The scene depicting the crossing of the Jordan ( 3, 1–4, 24 ) underscores the book's intent to present the taking of the Promised Land as a wonder performed by God to fulfill the commitment made to Israel's ancestors. The book purposely describes the crossing of the Jordan River as a miracle like the crossing of the Red Sea ( 4, 23 ), even though the Jordan is, in fact, easily fordable at several places. The miraculous crossing of the Jordan demoralizes the people of Canaan, robbing them of the will to resist ( 5, 1 ). Again, it is clear that Israel's possession of the land was God's doing.
In 5, 2–12 , perspective then shifts to Israel. At God's instructions, the preparations to enter the land and face its inhabitants involve nothing of a military nature. In fact, these preparations actually render Israel's army quite vulnerable to attack because all the males had to be circumcised, making them temporarily unable to be an effective fighting force. But the mass circumcision does, however, make the community fit to celebrate the Passover ( 5, 2–12 ). Both these observances became important markers of Jewish identity during and after the exile. Certainly the book of Joshua intends to promote these practices.
Although the book of Joshua is often thought of as a chronicle of a massive invasion of Canaan by a united Israelite army under the leadership of Joshua, only one quarter of the book actually deals with the battles for the Promised Land. At the end of this section, the author comments that “Joshua captured the whole country” ( 11, 23 ). But the account of the battles fought by the Israelite tribes focuses almost entirely on the central region of Canaan ( 6, 1–10, 27 ). Battles in the south ( 10, 28–43 ) and the north ( 11, 1–14 ) are treated in summary fashion. The two places that receive the most attention are Jericho ( 6, 1–27 ) and Ai ( 7, 2–8, 29 ). But before Joshua begins the attack on Jericho, the mysterious “captain of the host of the Lord” arrives ( 5, 14 ). When this person tells Joshua that he must take off his sandals because he is standing on holy ground, the attentive reader recognizes the similarity to the story of Moses' encounter with God at the burning bush (Ex 3, 1–6 ) and knows that the leader of Israel as he moves out to take the land is someone other than Joshua.

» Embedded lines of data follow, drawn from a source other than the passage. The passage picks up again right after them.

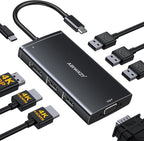 ABIWAZY USB C Docking Station Dual Monitor for HP Dell Lenovo Thinkpad Surface, 8 in 1 Computer Multiple Monitor Hub Adapter to Dual 4K HDMI,DisplayPort,VGA, 00W PD,3 USB for Windows Laptops(Black)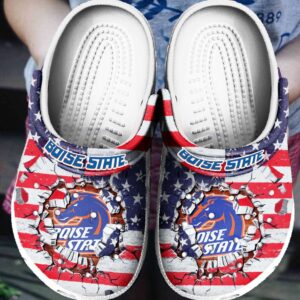 Sabots Boise State Broncos Logo Amercan Flag Pattern Crocs Classic Clogs Shoes -  Clog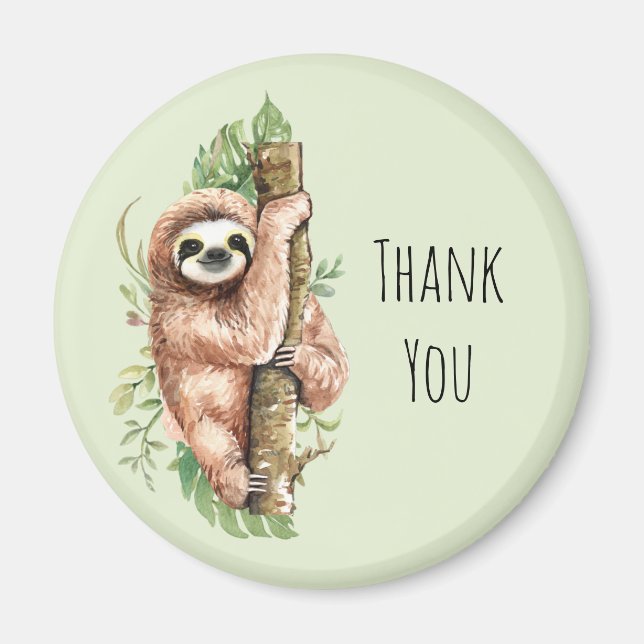 Aimant Aquarelle mignonne Sloth & Merci Feuille Tropical (Devant)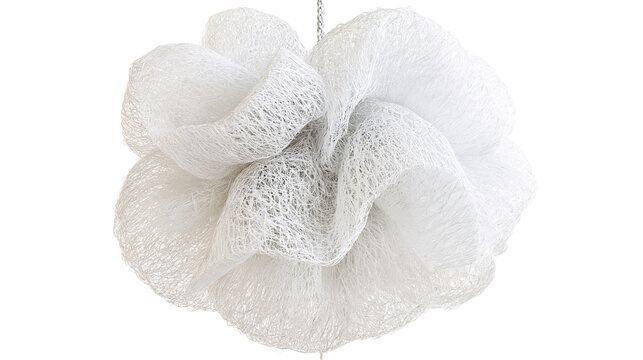 Isolated fluffy white mesh bath pouf for shower or exfoliation, personal hygiene item
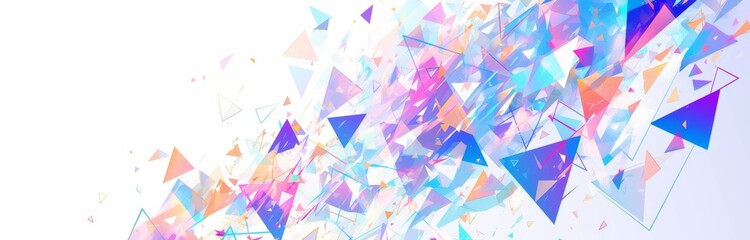 Colorful Triangles Falling from Top-Left Corner on White Background, Minimalist Vector Banner Design with Copy Space for Text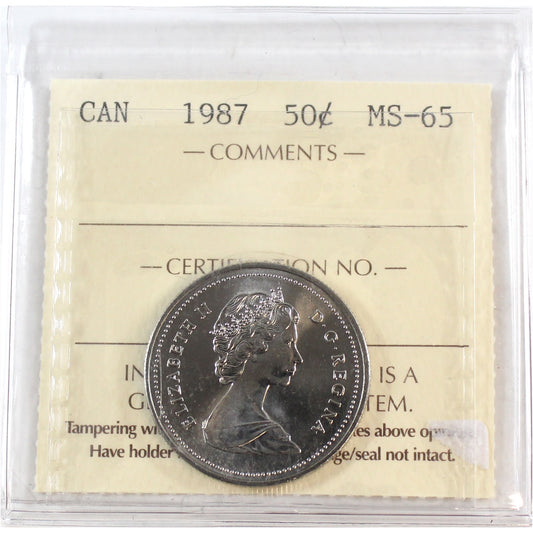 1987 Canada 50-cents ICCS Certified MS65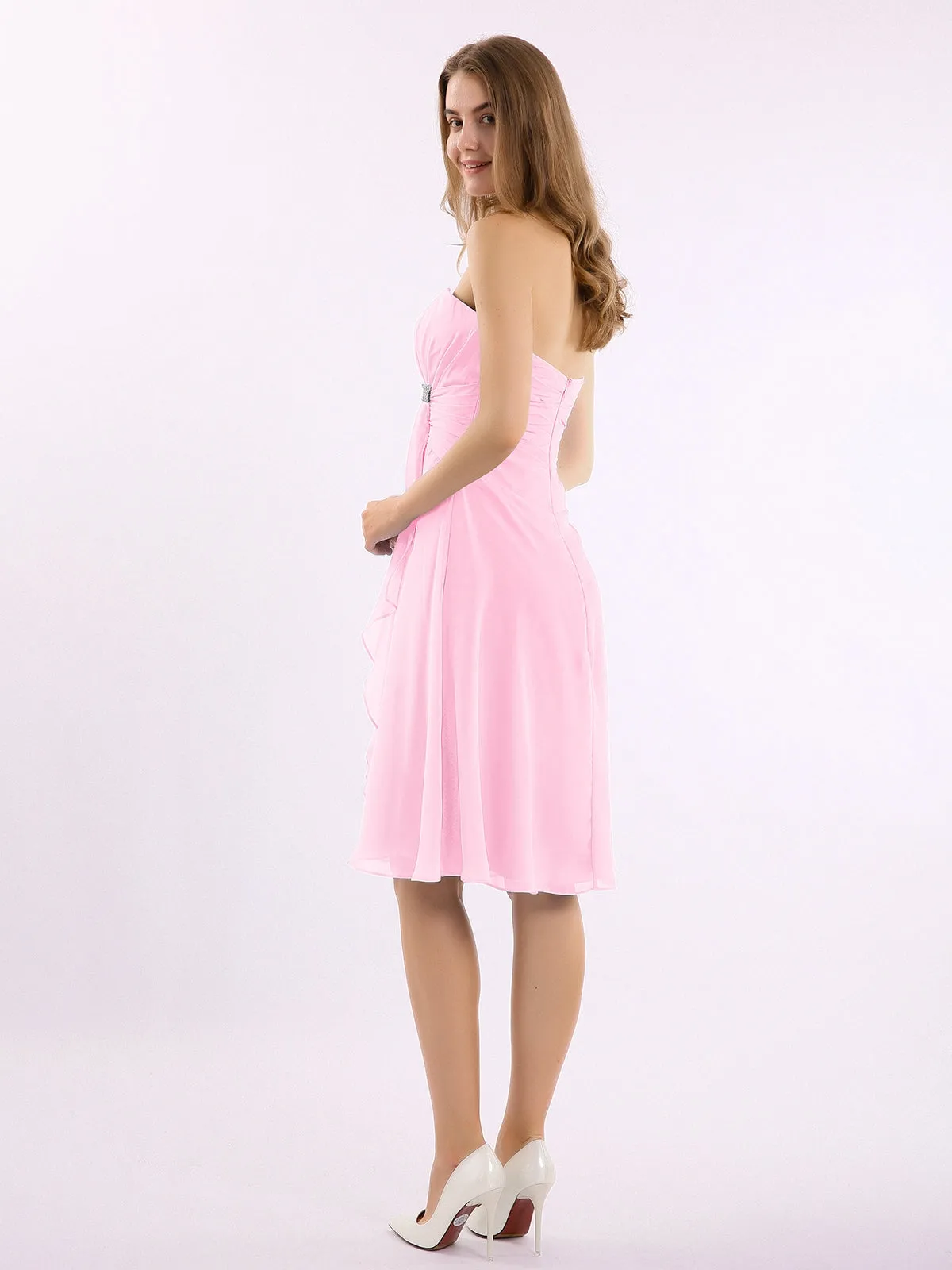 Knee Length Chiffon Dress with Sweetheart Neck-Candy Pink Plus Size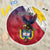 Colombia Coat Of Arms Beach Blanket With Flag Style And Folk Pattern - Wonder Print Shop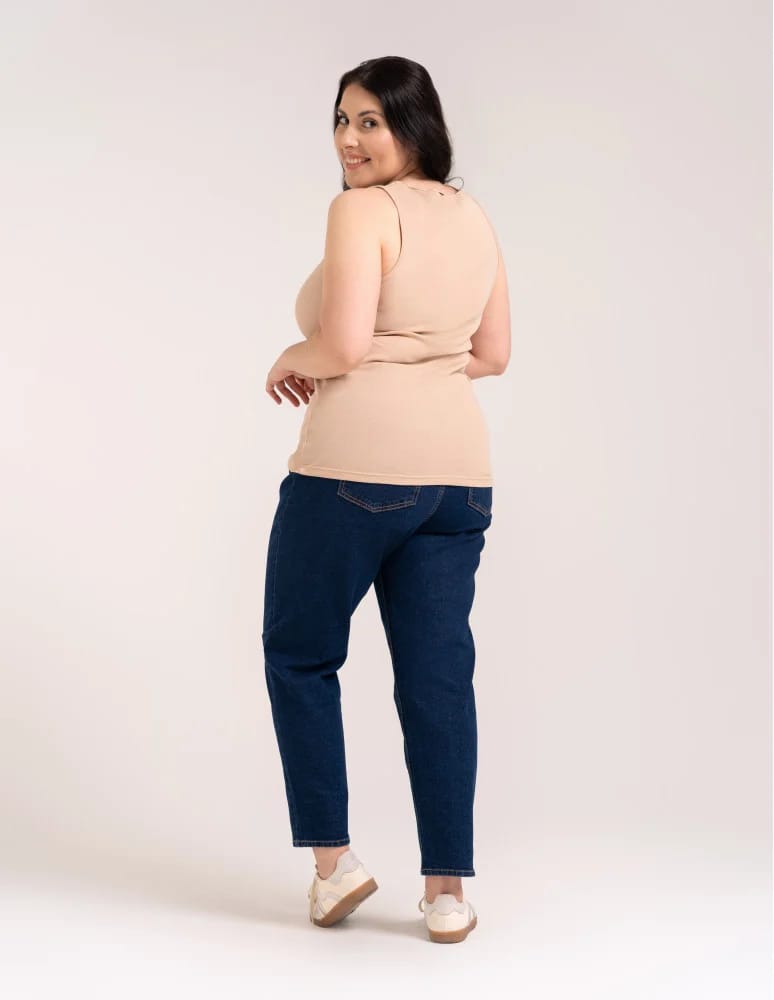 Koszulki i T-shirty - Koszulka damska na ramiączkach Tank-Top bawełniana Plus Size BEŻOWY - produkt moraj.pl 2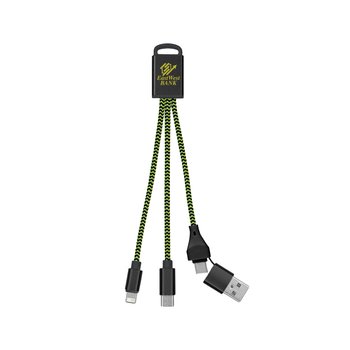 3-in-1 Braided Charging Cords USB-A Type-C Input Adapter - One-Color Personalization Available from Positive Promotions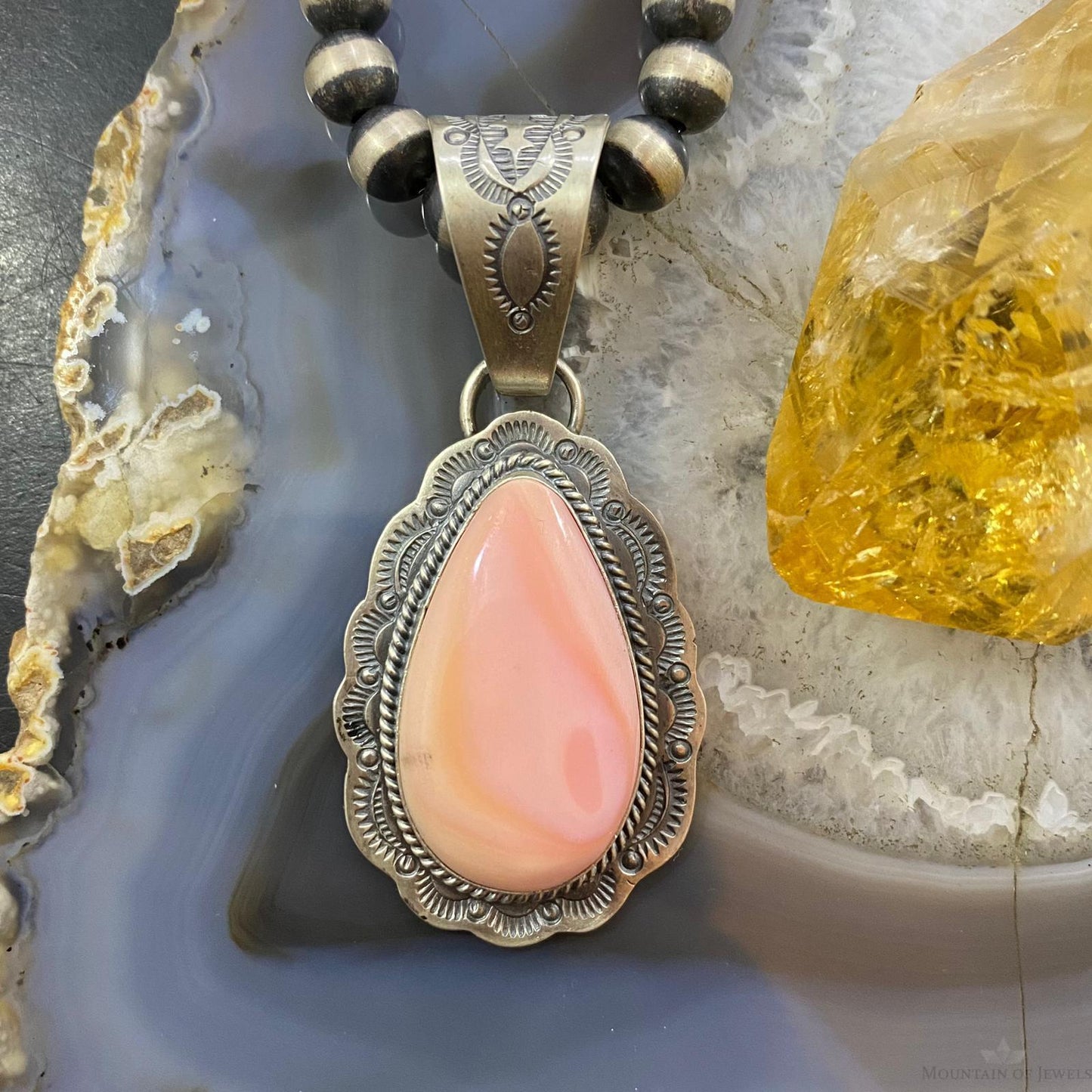 J. Nelson Native American Sterling Silver Large Teardrop Pink Conch Shell Decorated Pendant For Women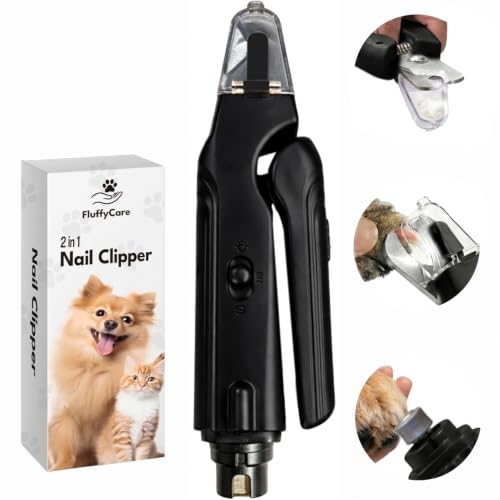 2-in-1 Dog & Cat Nail Clipper and Grinder with Light - USB Rechargeable Pet Nail Trimmer with Safety Guard for Thick Nails, Quiet Professional Grooming Tool - color: black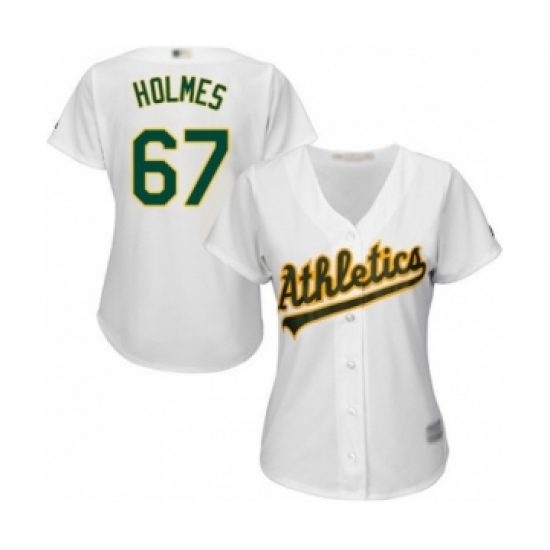Women's Oakland Athletics #67 Grant Holmes Authentic White Home Cool Base Baseball Player Jersey - Ujersey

Jericho was a town that had been abandoned for centuries before the time of Joshua, probably because its water source had become severely polluted, making its waters no longer drinkable. Ai was a town that flourished in the Early Bronze Age—more than a thousand years before the Israelite tribes emerged in Canaan. It too had been abandoned for centuries before the Israelite tribes made their appearance. The stories of the capture of Jericho and Ai in Joshua (6–8), then, are not historical records. But apparently, the people of Israel celebrated the gift of the land that they received from God at shrines near Jericho. Certainly, the story of Jericho's fall reads more like an account of a liturgical ceremony than that of a military adventure.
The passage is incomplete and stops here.